Senior Vice President, Clinical Development
Our client is a biopharmaceutical company. They have asked us to assist them in a search for a Senior Vice President, Clinical Development.
Major tasks and responsibilities include:
We seek candidates with the following qualifications:
- Leads and provides oversight of clinical development program(s), targets product profiles, and protocol development across Phase I-III programs.
- Provides clinical trial oversight (including site selection and start-up, data integrity, vendor management, management of accrual goals) in conjunction with clinical operations and leads analysis of clinical trial data and coordination of presentations and publications.
- Establishes appropriately aggressive clinical development timelines, incorporating key decision points and Go/No Go criteria for the clinical development plan.
- Collaborates with translational biology groups to develop and operationalize translational assays for clinical trials.
- Manages the clinical pipeline.
- Leads diligence into new indications for established programs and new targets for future programs, including work with therapeutic area heads and external consultants.
- Informs executive team and program/portfolio manager on progress of clinical programs and provides support for external communication including BOD and investors.
- Contributes to the build-out of the clinical development group, including medical writing/biostats resources and medical/clinician scientist hires.

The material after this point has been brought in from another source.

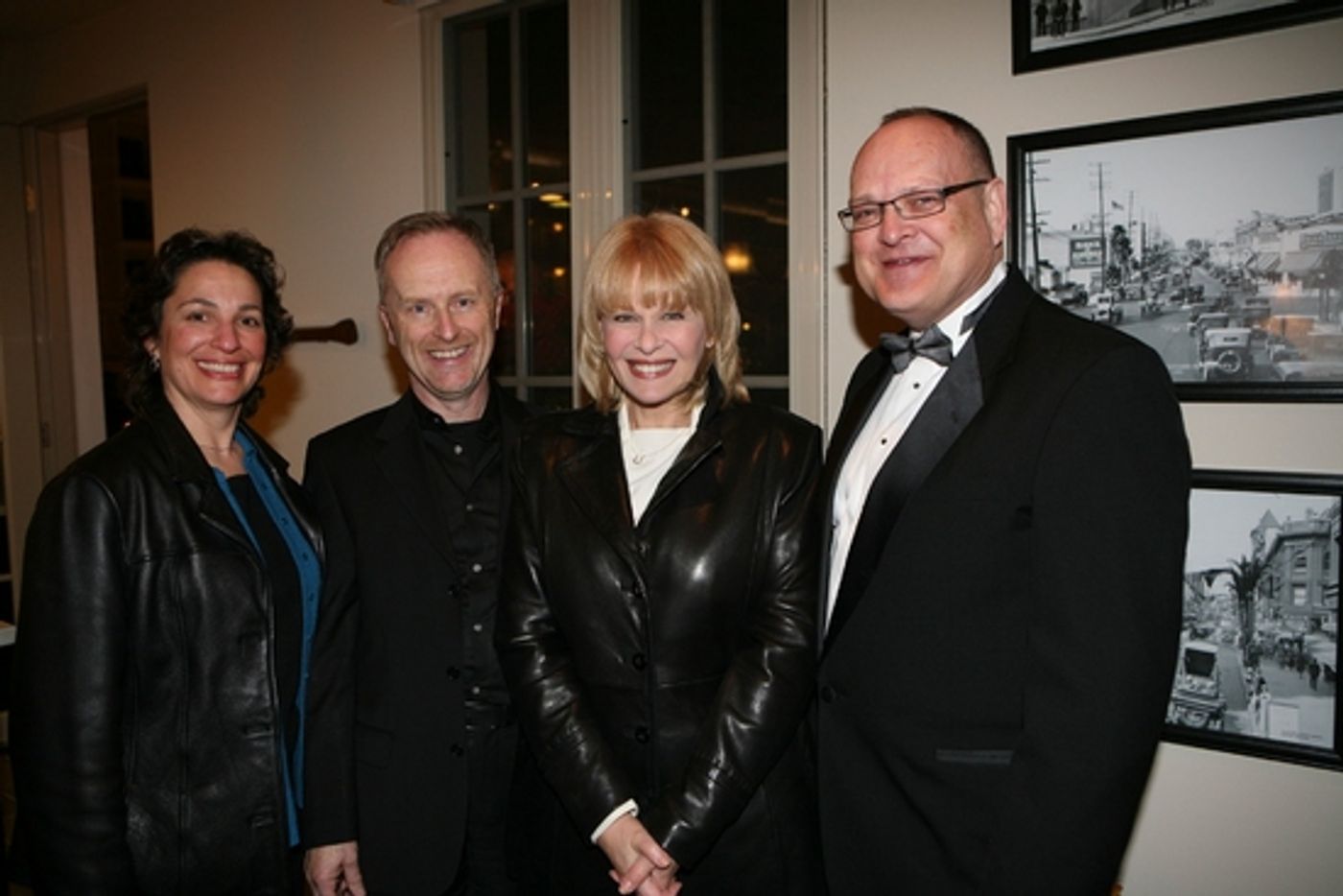 Photo Coverage: Alex Theatre's 'IT'S A FABULOUS LIFE'  Image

- Collaborates with the development of clinical SOPs and infrastructure for storage and management of clinical documents in conjunction with clinical operations.
- Develops and maintains relationships with program counterparts in, Research, Regulatory and Statistics.
- Acts as deputy for the Head of Clinical Development.
- An MD or MD/PhD is required.
- Must have a minimum of 10+ years of experience in the pharma/biotech industry.
- Experience in a small to mid-sized biotech company is preferred.
- Must have experience as a medical lead on multiple different clinical programs and as a medical monitor on multiple clinical trials, including both Phase 1/2 as well as Phase 3 trials.
- Development experience in oncology and/or inflammation/immunology indications is preferred.
- Requires an established record of providing medical leadership and oversight on multiple INDs/CTAs, including face-to-face meetings with FDA and EMA.
- Must have a demonstrated ability to drive strategic and tactical thinking across multiple pipeline programs, including CDP, TPP and protocol development.
- Strong interpersonal skills and a proven ability to work cross-functionally with regulatory, clinical operations, and preclinical teams is required.
- Requires strong communication skills, including a track record of publications, presentations, and key contributions to regulatory documents (e.g. briefing documents, IND, NDA).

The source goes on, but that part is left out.